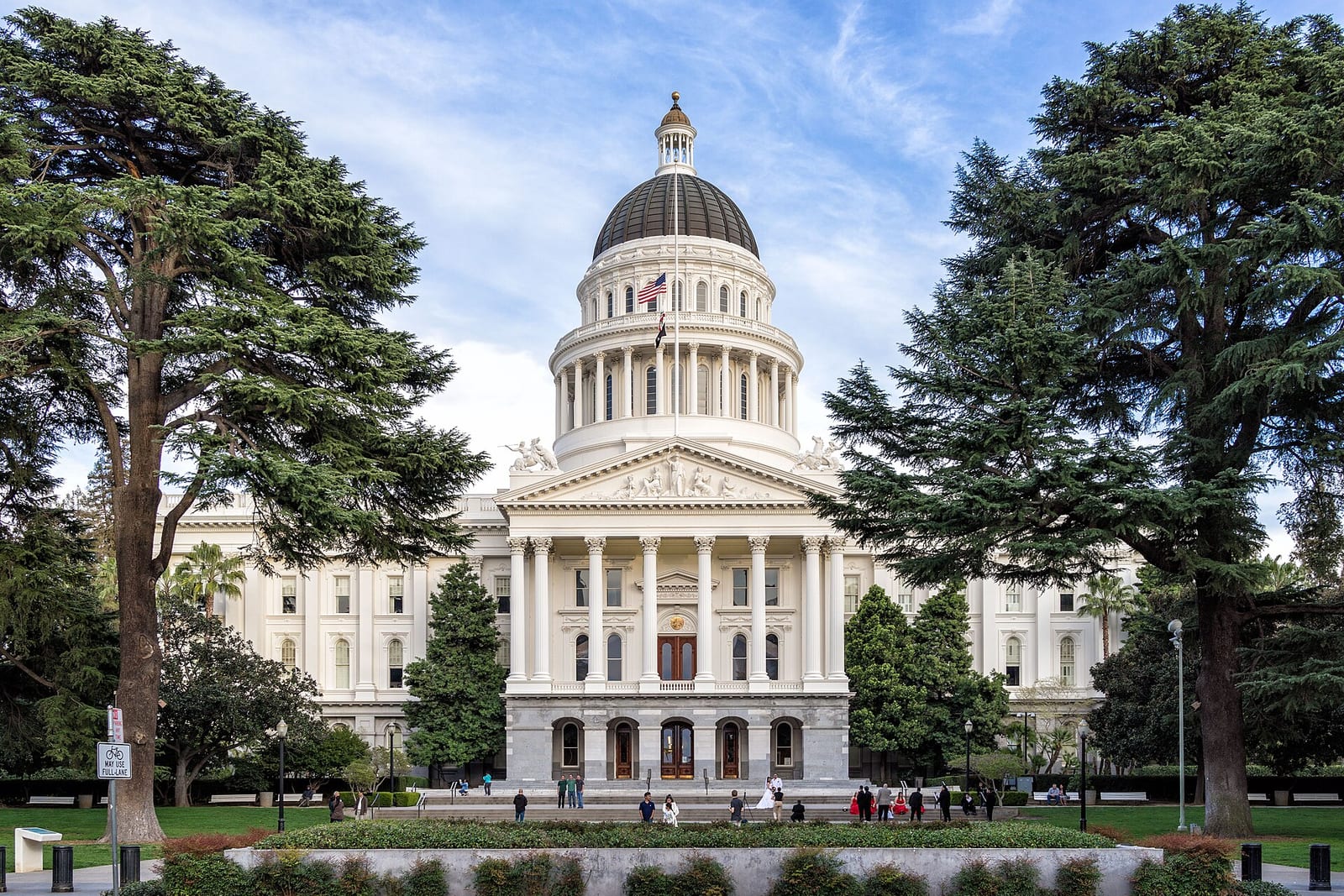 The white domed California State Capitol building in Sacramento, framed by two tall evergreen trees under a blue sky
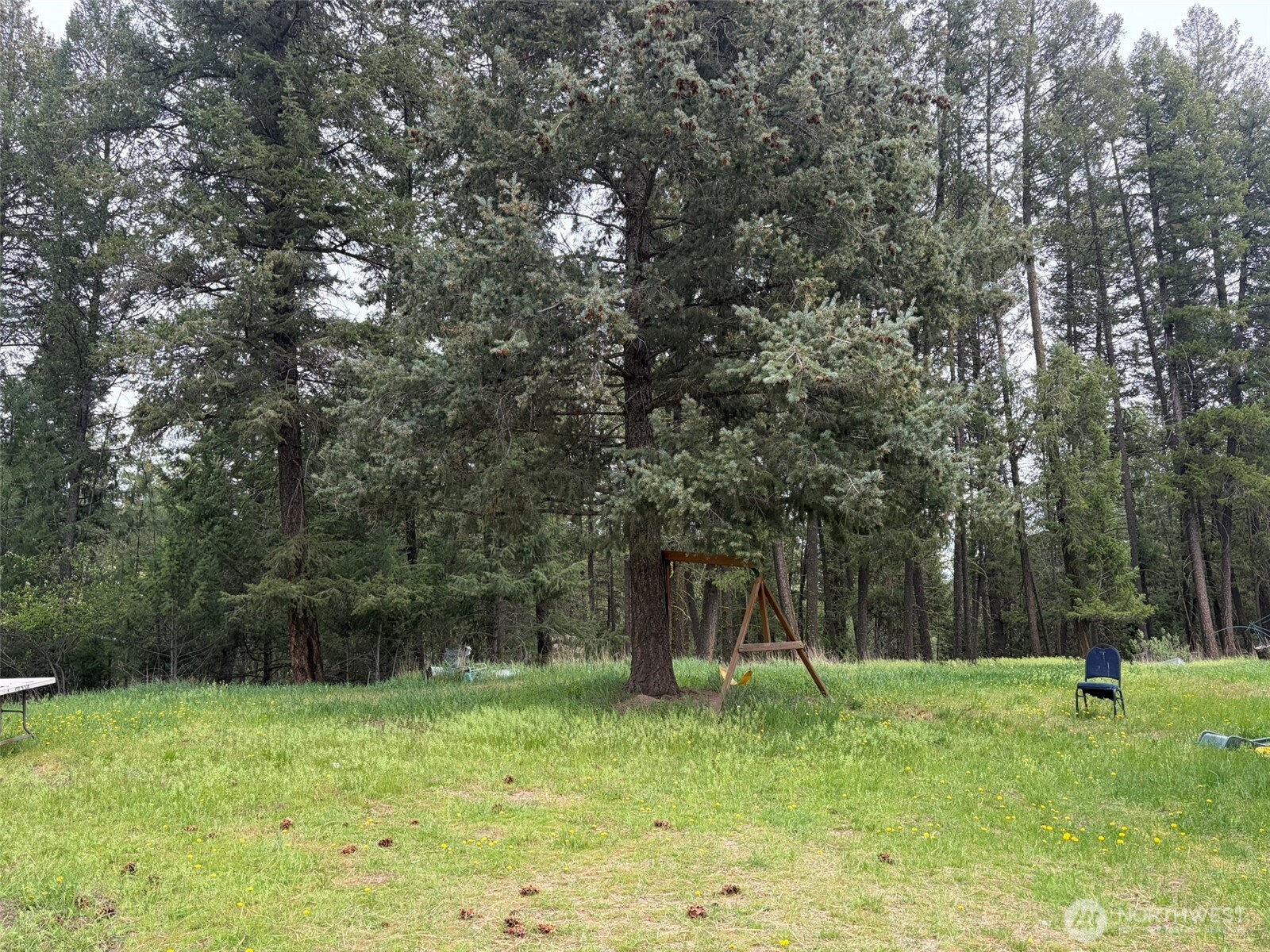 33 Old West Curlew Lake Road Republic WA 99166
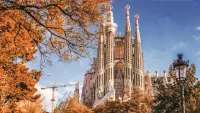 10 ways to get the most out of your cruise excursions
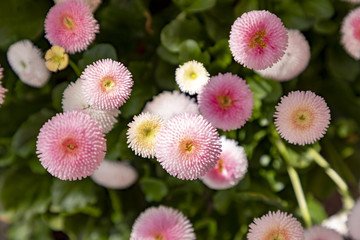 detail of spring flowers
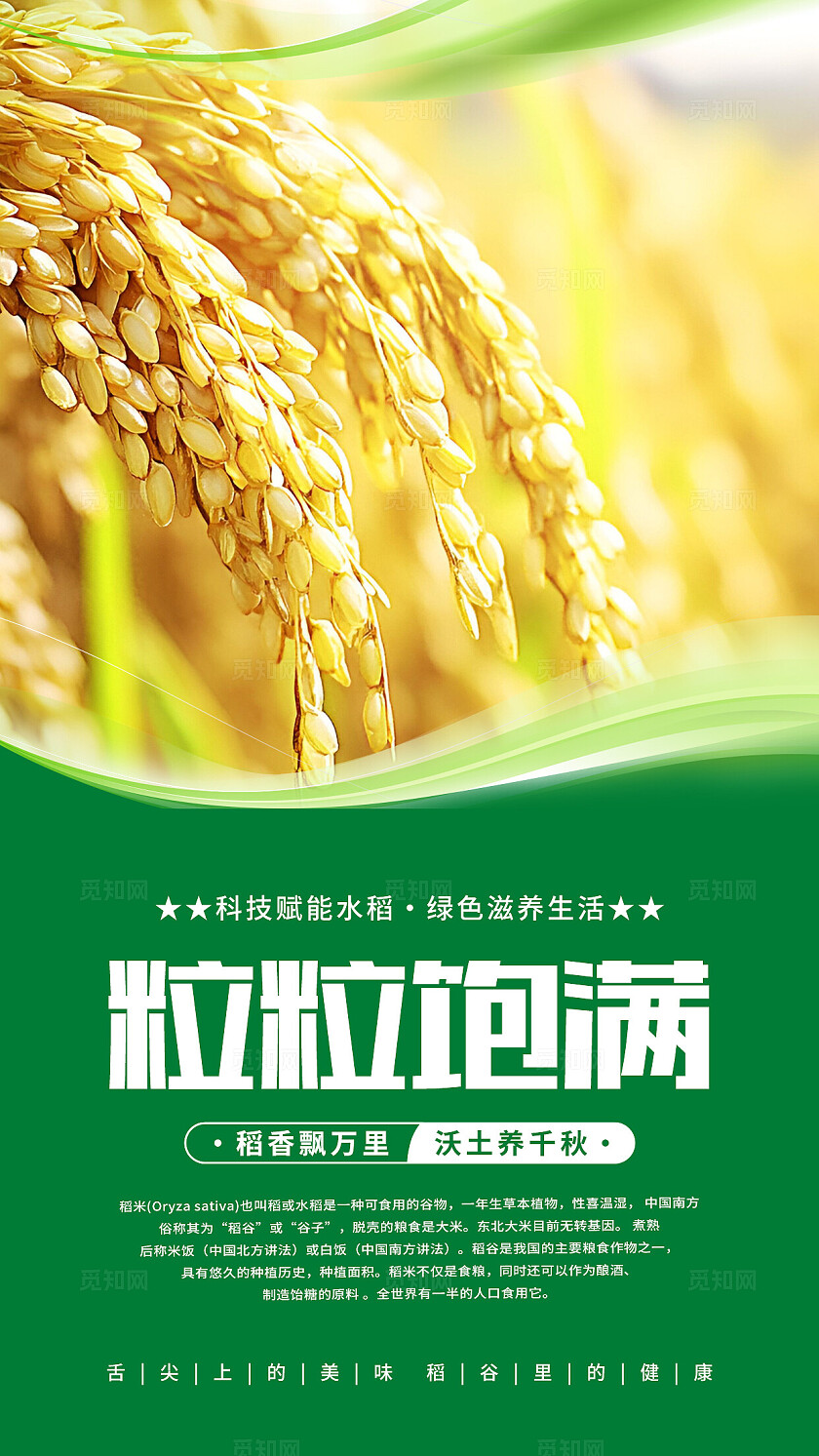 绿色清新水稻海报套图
---
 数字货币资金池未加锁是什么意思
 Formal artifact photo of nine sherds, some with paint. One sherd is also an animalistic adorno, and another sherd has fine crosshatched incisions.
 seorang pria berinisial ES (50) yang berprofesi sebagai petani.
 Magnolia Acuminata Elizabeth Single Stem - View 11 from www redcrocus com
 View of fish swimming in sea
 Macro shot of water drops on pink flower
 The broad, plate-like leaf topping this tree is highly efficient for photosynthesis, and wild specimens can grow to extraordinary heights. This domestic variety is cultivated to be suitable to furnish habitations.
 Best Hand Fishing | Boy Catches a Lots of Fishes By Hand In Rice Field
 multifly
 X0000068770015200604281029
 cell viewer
==
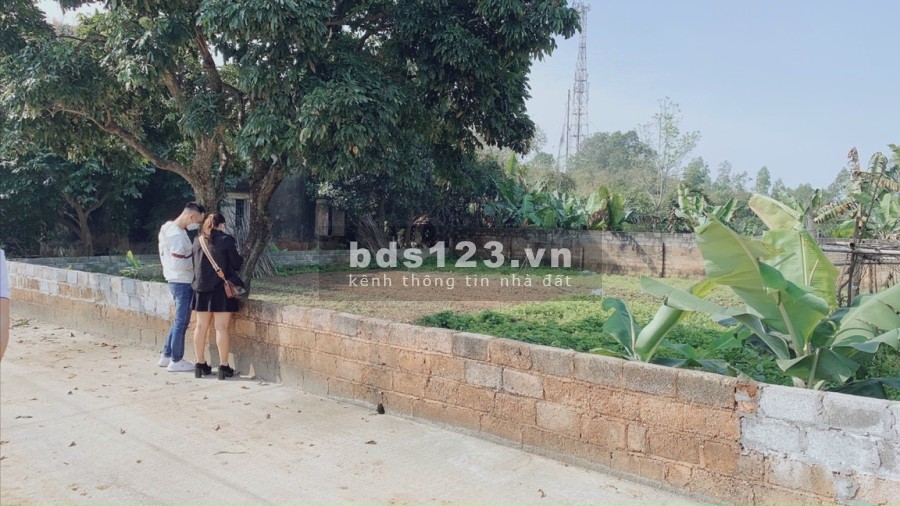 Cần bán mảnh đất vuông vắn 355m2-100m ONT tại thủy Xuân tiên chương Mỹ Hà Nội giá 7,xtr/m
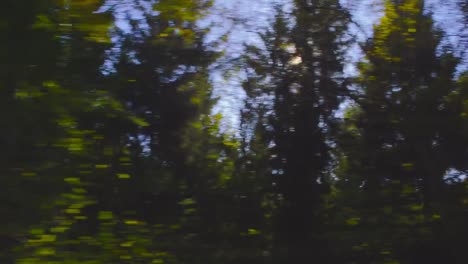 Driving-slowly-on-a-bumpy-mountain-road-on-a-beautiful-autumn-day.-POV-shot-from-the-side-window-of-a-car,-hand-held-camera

**Task item**
Set down, exactly as they stand above, the lines starting with the line with "View of fish swimming in sea" and going on through the line with "cell viewer", and no others.

**Problem solution**
 View of fish swimming in sea
 Macro shot of water drops on pink flower
 The broad, plate-like leaf topping this tree is highly efficient for photosynthesis, and wild specimens can grow to extraordinary heights. This domestic variety is cultivated to be suitable to furnish habitations.
 Best Hand Fishing | Boy Catches a Lots of Fishes By Hand In Rice Field
 multifly
 X0000068770015200604281029
 cell viewer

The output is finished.